The footsteps passed from there into the kitchen and stopped in the corner where stood the old-fashioned cupboard with perforated tin panels in the doors and at the sides, and the little drawers at the top,--the kind that old people call a "safe." She heard a drawer pulled out. Without giving any conscious thought to it, she knew which drawer it was; it was the one next the wall, --the one that did not pull out straight, and so had to be jerked out. What was her dad . . . ?

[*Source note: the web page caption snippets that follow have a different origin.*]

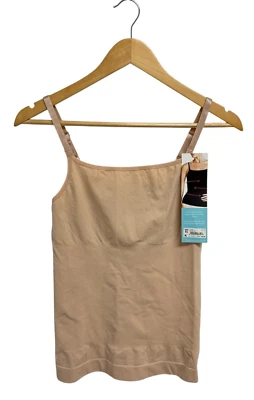 Cami moldeadora Assets para mujer por Assets talla XL Foto 1 de 4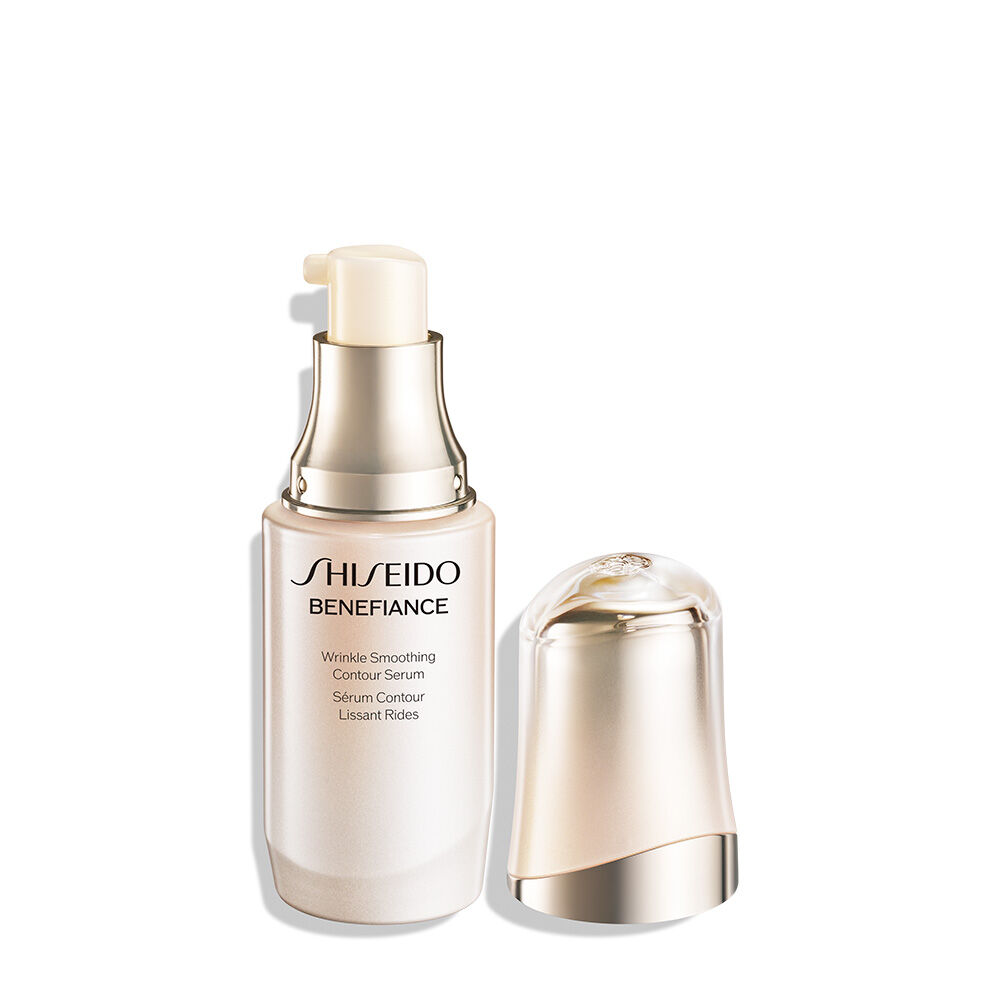 RATA LUXURY SERUM 10 3本セット Wrinkle Smoothing Contour Serum - BENEFIANCE | SHISEIDO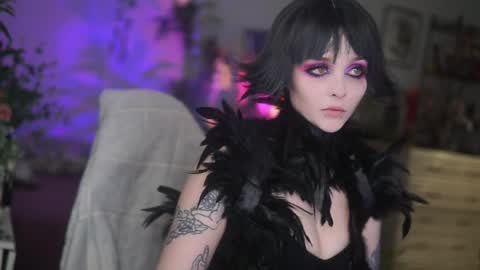 faith_chan online show from 06/08/26, 03:29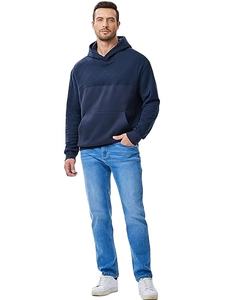 Sweat à capuche décontracté en coton de qualité supérieure - Product Image 4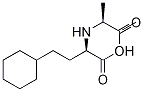 (αS)-Cyclohexanebutanoic Acid α-[[(1S)-1-Carboxyethyl]aMino] cyclohexanebutanoic Acid α-Ethyl Ester price.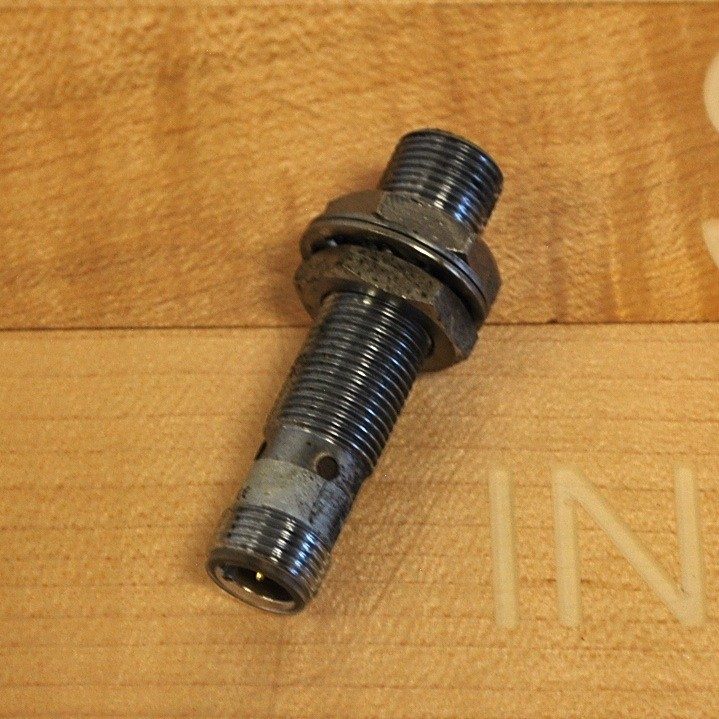 Датчик приближения Turck BI4-M12-RP6X-H1143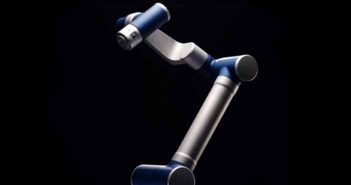 Yaro Cobot.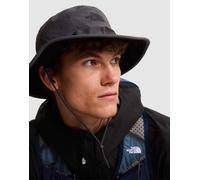 The North Face - Class V - Cappello con falda grigio antracite 64-69cm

Jean thrilled then with a tremor of fear. She had wakened fully enough to remember. That was not her dad, out there in the kitchen. She did not know who it was; it was some strange man prowling through the house, hunting for something. She felt again the tremor of fear that is the heritage of womanhood alone in the dark. She pulled the Navajo blanket up to her ears with the instinct of the woman to hide, because she is not strong enough to face and fight the danger that comes in the dark. She listened to the sound of that drawer being pushed back, and the other drawer being pulled out, and she shivered under the blanket.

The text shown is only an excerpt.